Edit: in response to the comment by @Trilarion :

I'm trying to write a simple, not 100% accurate but more like a proof-of-concept Speaker Diarisation in Python. That means taking a wav file (right now I am using this one for my tests) and in each second (or any other resolution) say if the speaker is person #1 or person #2. I know in advance that these are 2 persons and I am not trying to link them to any known voice signatures, just to separate. Right now take each second, FFT it (and thus get a list of frequencies), and cluster them using KMeans with the number of clusters between 2 and 4 (A, B [,Silence [,A+B]]).

I'm still new to analyzing wav files and audio in general.

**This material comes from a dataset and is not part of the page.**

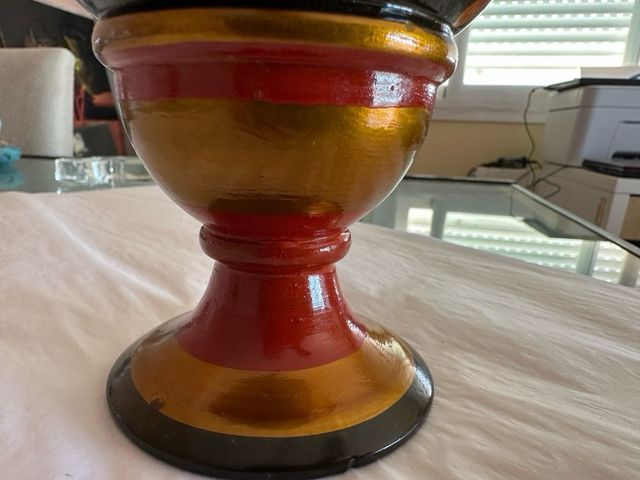 Vaso de madera pintado a mano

import matplotlib.pyplot as plt
from scipy.io import wavfile # get the api
fs, data = wavfile.read('test.wav') # load the data
a = data.T[0] # this is a two channel soundtrack, I get the first track
b=[(ele/2**8.)*2-1 for ele in a] # this is 8-bit track, b is now normalized on [-1,1)
c = sfft.fft(b) # create a list of complex number
d = len(c)/2  # you only need half of the fft list
plt.plot(abs(c[:(d-1)]),'r') 
plt.show()
Guy Rapaport
  • 318
  • 3
  • 11
  • 1
    For starters, you can read [this](http://mathworks.com/help/matlab/math/fast-fourier-transform-fft.html). – mkrieger1 Jul 27 '15 at 20:46
  • 1
    As for (2): Looks like the original answer cuts of the negative frequency terms and uses only the positive frequency terms. For an audio signal those should be redundant. – dhke Jul 27 '15 at 20:49
  • 1
    Please make a real question out of it. Why you should do something obviously depends on what you want to achieve. As it is this question is unclear and therefore not useful except for you. The answers are very generous in explaining the knowledge behind fourier transforms but they can never answer why you should do it. – NoDataDumpNoContribution Jul 27 '15 at 21:05
  • 1
    @Trilarion on the contrary, this question comes down to the nature of FFT itself and the answers would be quite useful to anybody dabbling in it for the first time. My only concern is that it might have already been answered elsewhere on the site. – Mark Ransom Jul 27 '15 at 21:44
  • @MarkRansom Sure FFTs are interesting. But this question is not very helpful. At least now we know what the asker wants to achieve. Speech is obviously a real valued signal. I'm sure there are variants to compute the FFT of real valued signals where you do not have to throw away half of the output but where only half of the output is calculated from the beginning. In short, I prefer clearer, more precise questions. If one wants to know more about the true nature of FFT than one should ask for exactly this. The better one asks the more helpful the answers and question will be for everyone. – NoDataDumpNoContribution Jul 30 '15 at 12:23

2 Answers2

8

To address these in order:

1) You don't need to normalize, but the input normalization is close to the raw structure of the digitized waveform so the numbers are unintuitive. For example, how loud is a value of 67? It's easier to normalize it to be in the range -1 to 1 to interpret the values. (But if you wanted to implement a filter, for example, where you did an FFT, modified the FFT values, followed by an IFFT, normalizing would be an unnecessary hassle.)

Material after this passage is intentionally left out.